Your response to the data below should hold nothing except the lines from the one containing "Modern Minimalist Plastic" down to the one containing "Cozy bedroom with", reproduced exactly and without pictures.

:: Source records

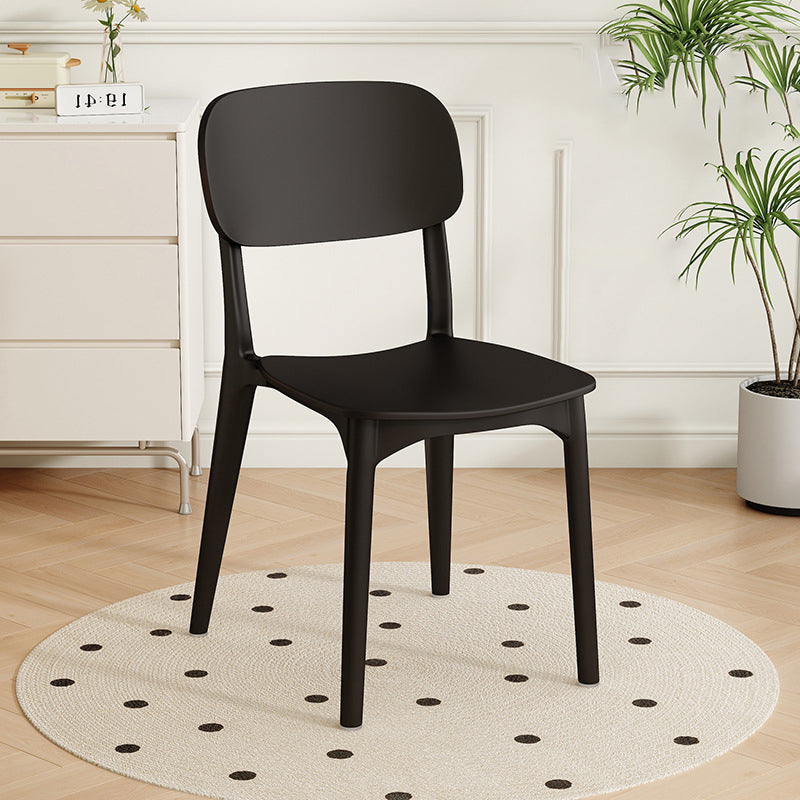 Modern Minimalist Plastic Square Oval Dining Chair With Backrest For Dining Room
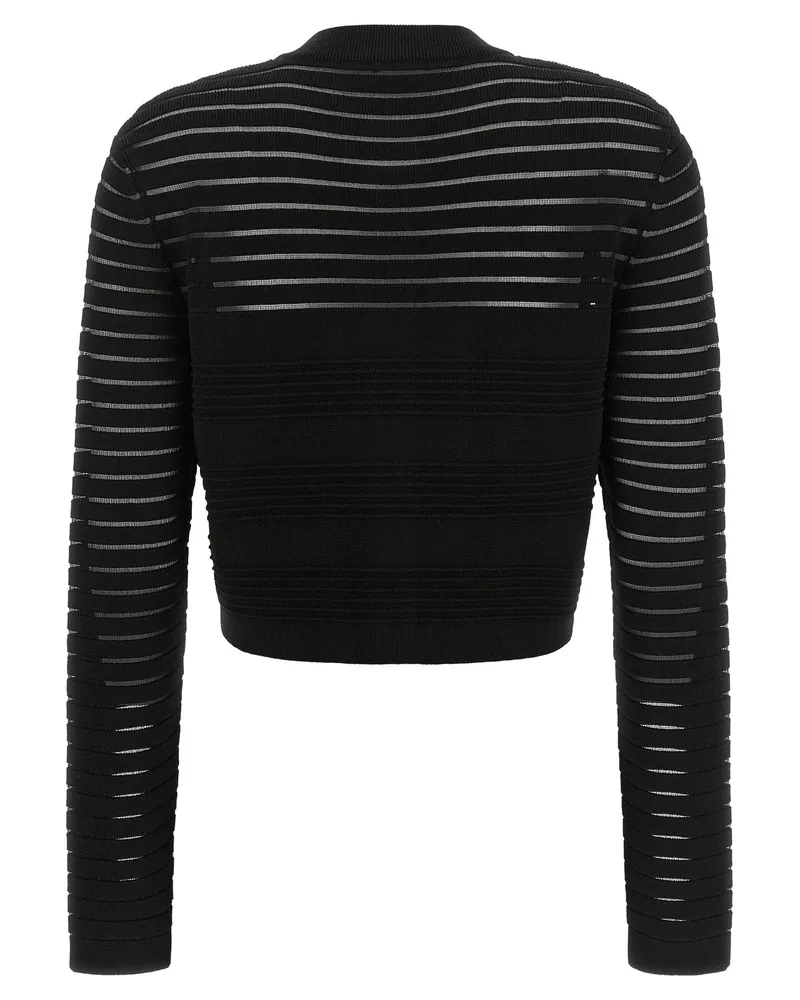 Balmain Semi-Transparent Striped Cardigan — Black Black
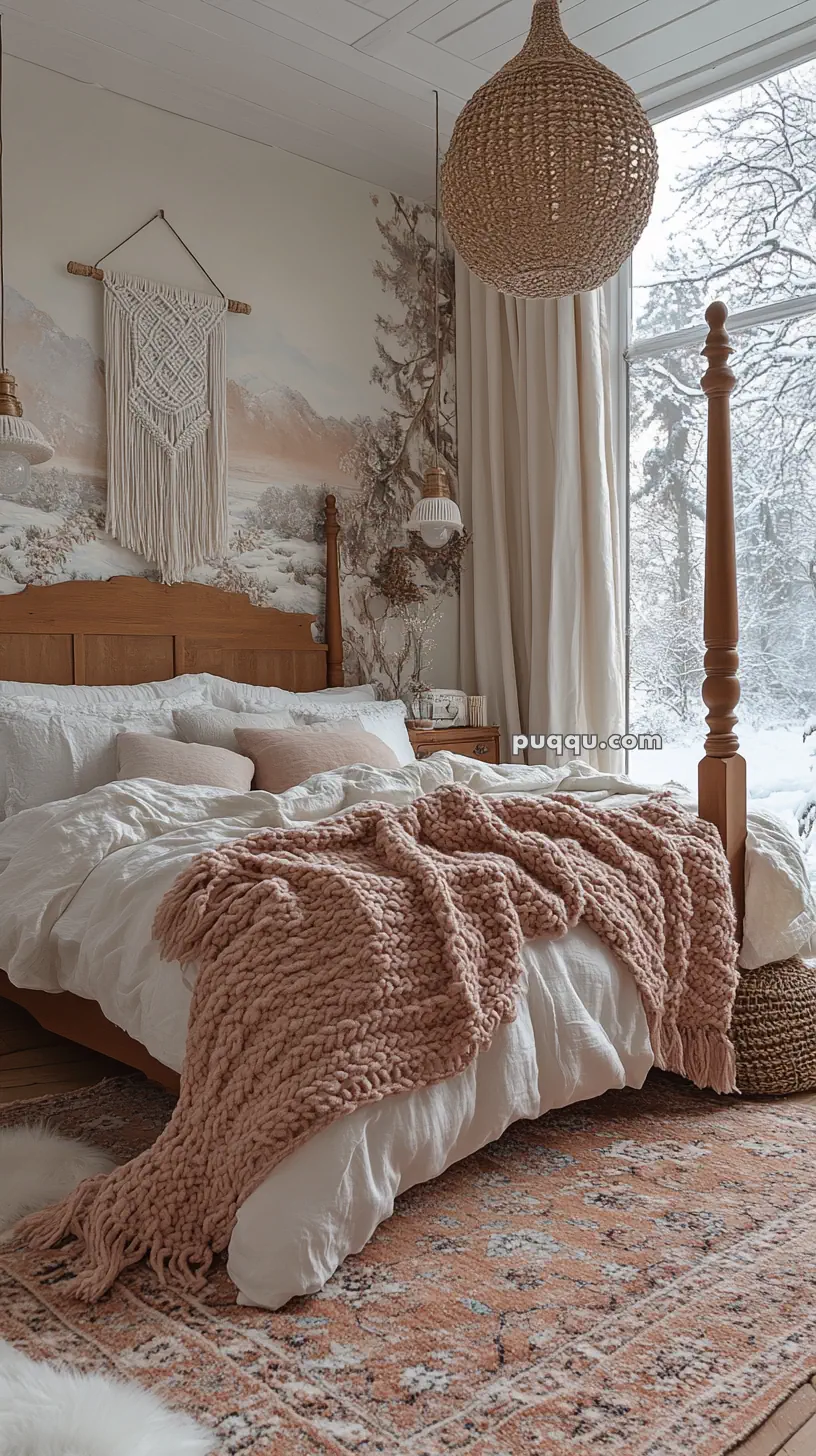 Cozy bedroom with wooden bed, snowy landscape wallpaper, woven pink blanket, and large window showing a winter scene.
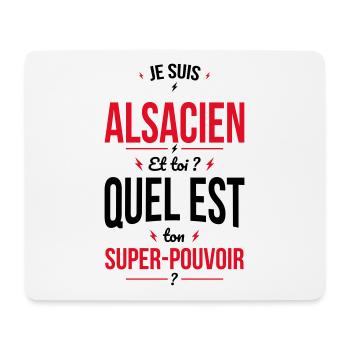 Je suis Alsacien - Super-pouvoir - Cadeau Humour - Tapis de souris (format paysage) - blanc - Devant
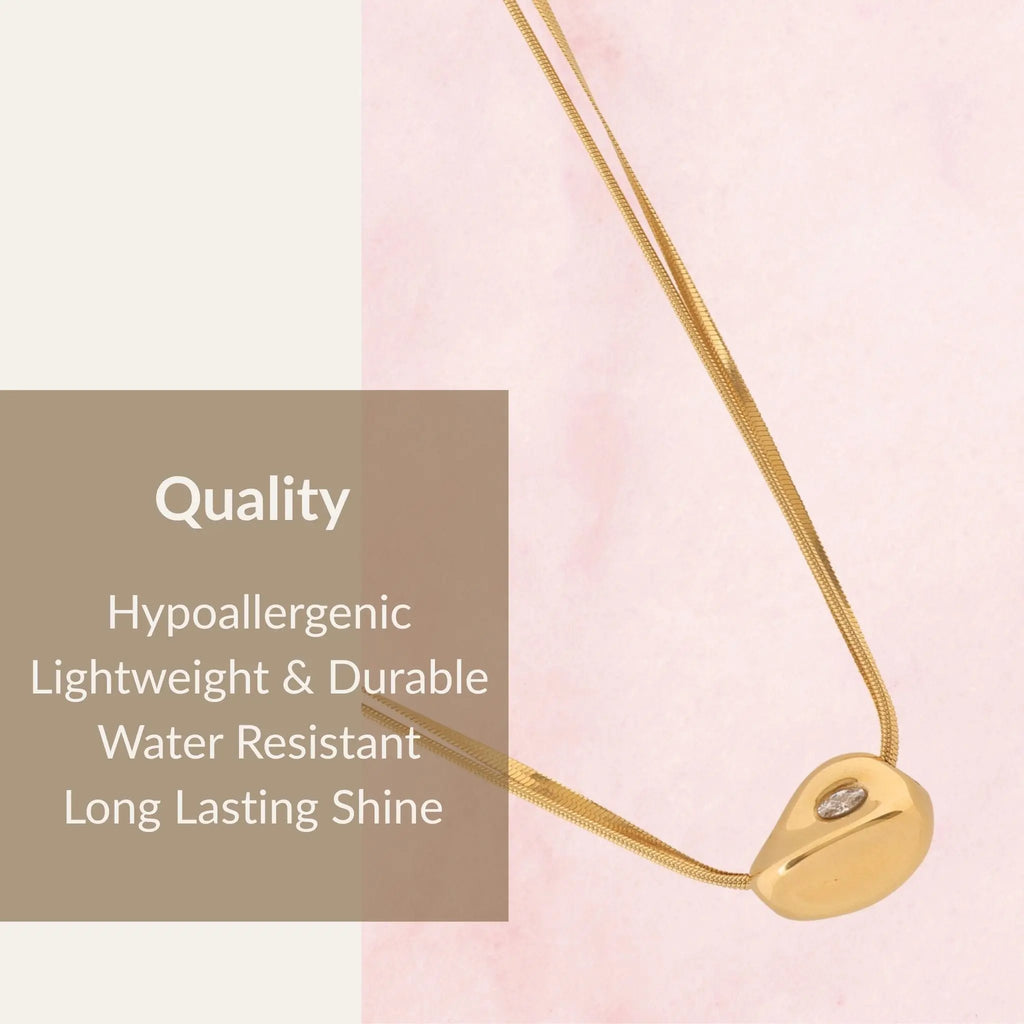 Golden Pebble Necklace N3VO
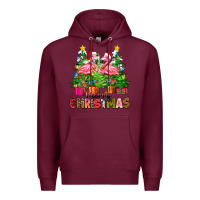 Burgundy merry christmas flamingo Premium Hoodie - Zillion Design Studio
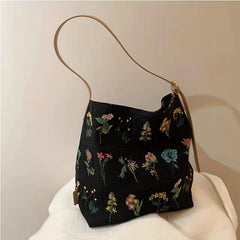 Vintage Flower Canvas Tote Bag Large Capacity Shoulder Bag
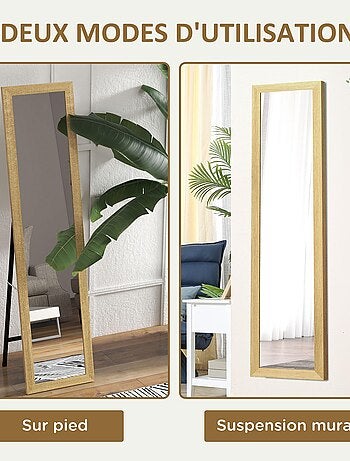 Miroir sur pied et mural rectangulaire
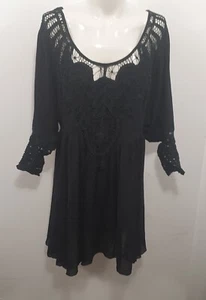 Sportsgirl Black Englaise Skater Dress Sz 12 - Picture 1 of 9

::::
:: Source records

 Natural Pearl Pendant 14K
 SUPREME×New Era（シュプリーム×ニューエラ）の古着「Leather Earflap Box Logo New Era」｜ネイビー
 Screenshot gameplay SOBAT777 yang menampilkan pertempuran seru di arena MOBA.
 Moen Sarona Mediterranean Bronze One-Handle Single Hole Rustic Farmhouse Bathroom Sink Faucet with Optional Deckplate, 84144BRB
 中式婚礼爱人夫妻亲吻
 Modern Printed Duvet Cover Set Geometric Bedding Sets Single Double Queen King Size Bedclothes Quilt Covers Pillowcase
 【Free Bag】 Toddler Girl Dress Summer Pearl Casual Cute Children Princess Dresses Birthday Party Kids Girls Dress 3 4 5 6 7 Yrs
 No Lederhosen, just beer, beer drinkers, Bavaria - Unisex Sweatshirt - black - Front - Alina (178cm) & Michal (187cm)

::::

• _Task output_
 Modern Minimalist Plastic Square Oval Dining Chair With Backrest For Dining Room
 Balmain Semi-Transparent Striped Cardigan — Black Black
 Cozy bedroom with wooden bed, snowy landscape wallpaper, woven pink blanket, and large window showing a winter scene.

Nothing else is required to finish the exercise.